Anke Eissman shows us Faramir the man of war who longs for peace on his first meeting with Éowyn who is a warrior who does not yet know that there is contentment to be found in peace.
But Faramir does not love war or the way of the warrior. After the War of the Ring and after he marries Éowyn of Rohan he will devote his life to the arts of peace. Together with his bride he will restore the land of Ithilien to its former beauty. Later in his encounter with Frodo and Sam Faramir will say of the Shire, “Your land must be a place of peace and content, and there must gardeners be in high honour”.

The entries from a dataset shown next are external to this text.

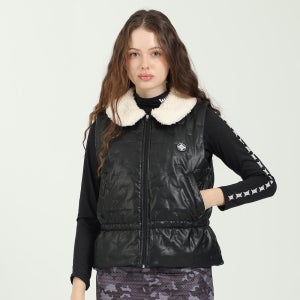 여자골프조끼 겨울 여성골프웨어 입체퀼팅 비건레자 양털카라 골프조끼 허리밴딩 슬림핏 연출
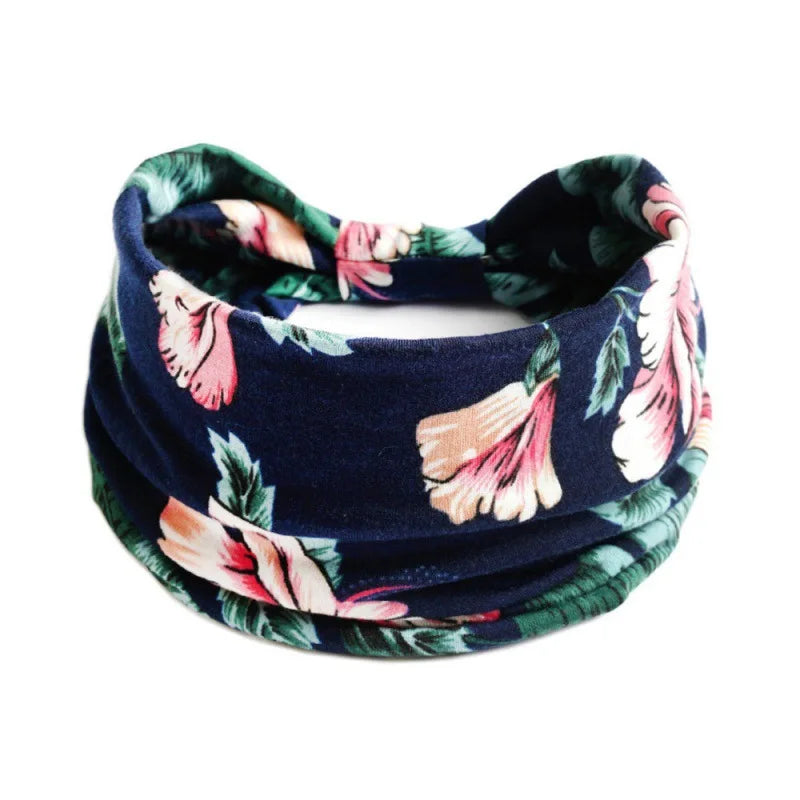 Bohemian Style Elastic Hair Bands Yoga Headband Women Headwear Print Vintage Cross Uni close-up view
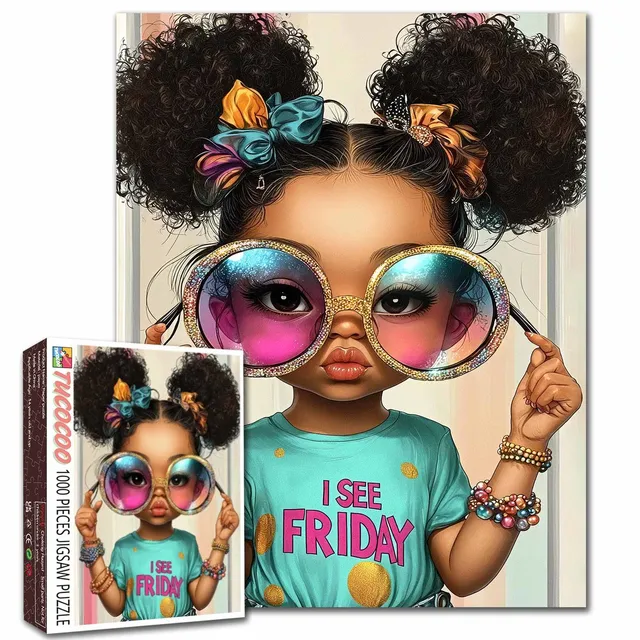 tucocoo-fashion-girl-oversized-glasses-puzzle-1000-teile image 1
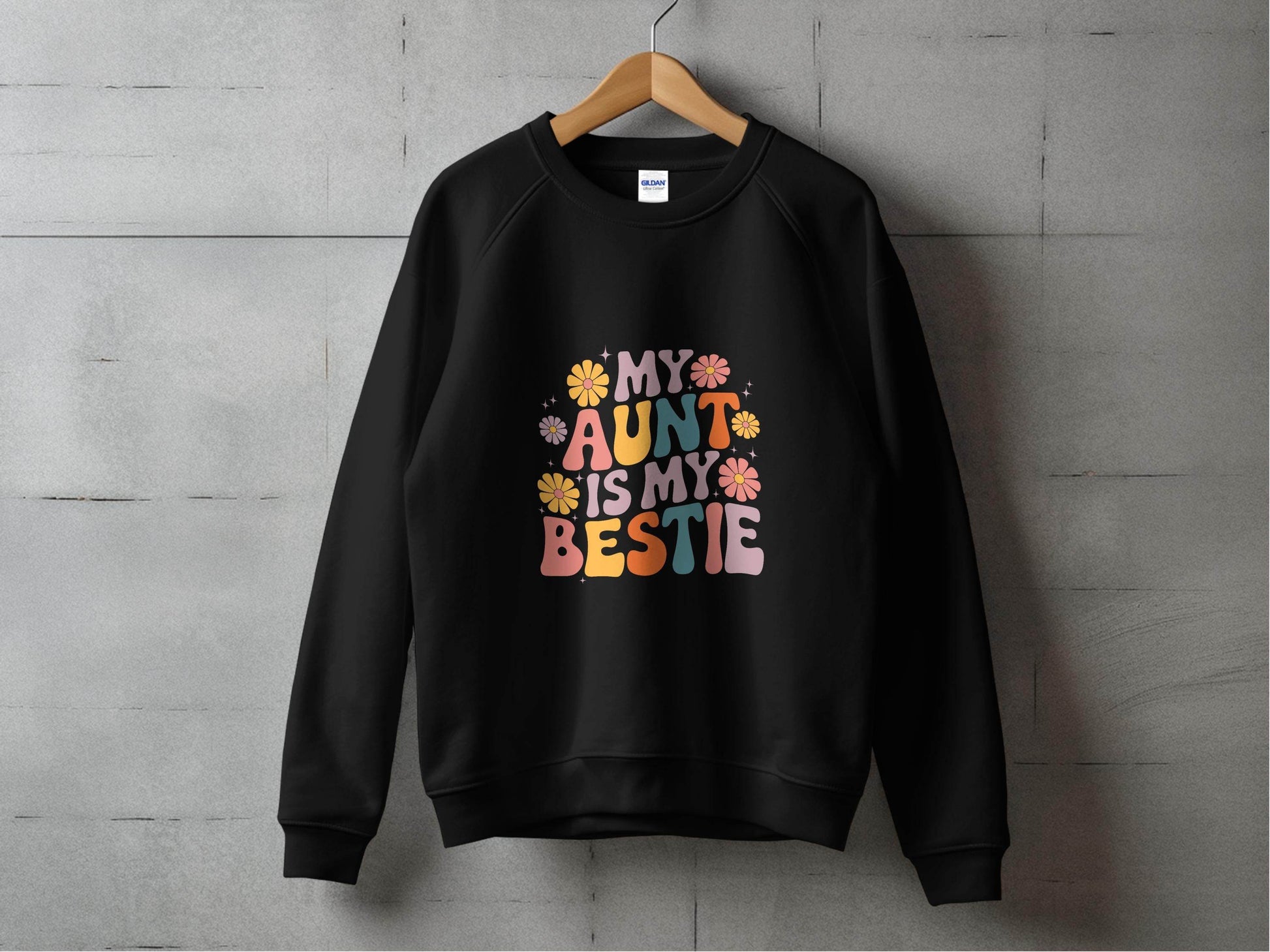My Aunt is My Bestie Floral Design Graphic Sweater - Design & Vybe
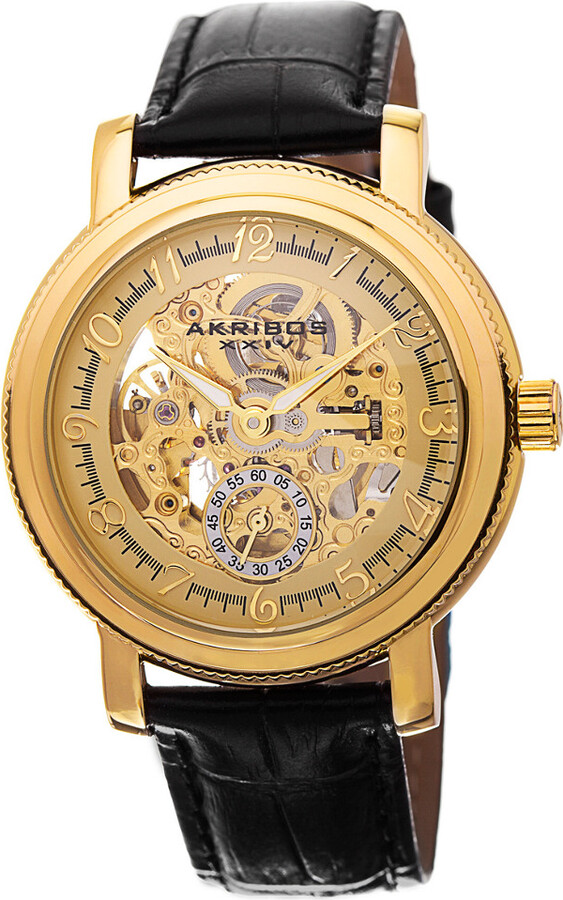 Akribos XXIV Men's Leather Watch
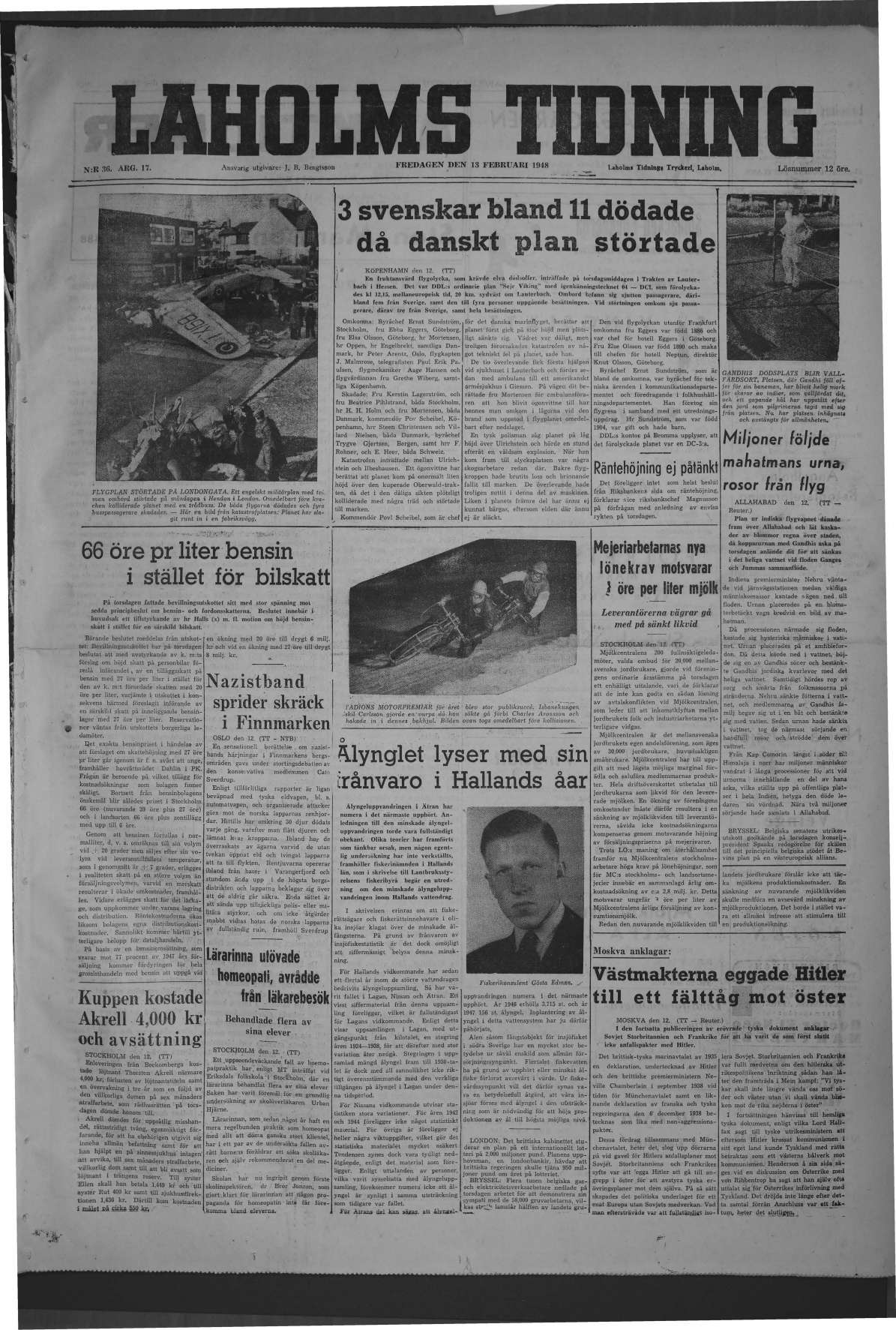 Laholms Tidning Fredag 13 februari 1948, sida 1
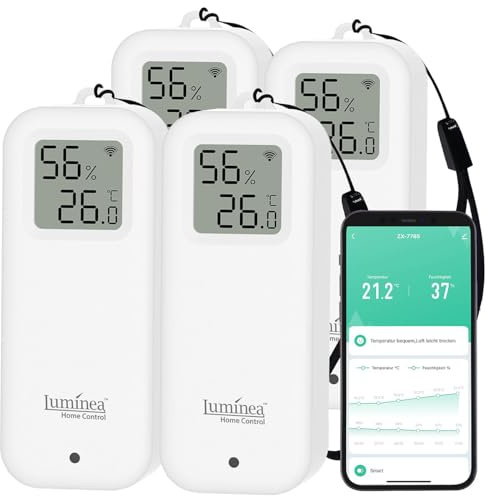 Luminea Home Control Sensor: 4er-Set WLAN-Temperatur- und Luftfeuchtigkeitssensor mit Display, App (WiFi Thermometer außen, Digitale Hygrometer mit WLAN, innen)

Faramir would be a gardener himself, not an industrial scale food producer, one who reduces the land to compliant submission with pesticides and chemical fertilisers, but one who would allow the land to find its true wildness in which the growing of food would take its natural place. In essence he would be one who would re-unite the Ents and the Entwives, if that were possible, working as a sub-creator to make a land where both could live at peace with one another. When Treebeard met Merry and Pippin and learnt of the Shire he commented that it was a land that the Entwives would love. The Ents would love the Old Forest, a land in which the hobbits felt themselves to be alien. Is there a land where both could live together in harmony?
“Come back to me and say my land is best.” The Ents and the Entwives as depicted by Luca Bonatti.
But here we must return to the reality of war. Faramir is now a warrior by necessity. Mordor has already seized control of Ithilien and Faramir and his men are operating behind enemy lines. And they would take the rest of Gondor too and then land by land the rest of Middle-earth also. Mordor is an empire that would make the whole earth its slave, that would make it like Mordor itself. So, as Faramir puts it himself, “War must be, while we defend our lives against a destroyer who would devour all”.
So Tolkien was not a pacifist in an absolute sense, one who regards war as unjustified in all cases, even that in which an enslaving enemy seeks to devour a peaceful land. But neither Tolkien, nor Faramir, love war for its own sake.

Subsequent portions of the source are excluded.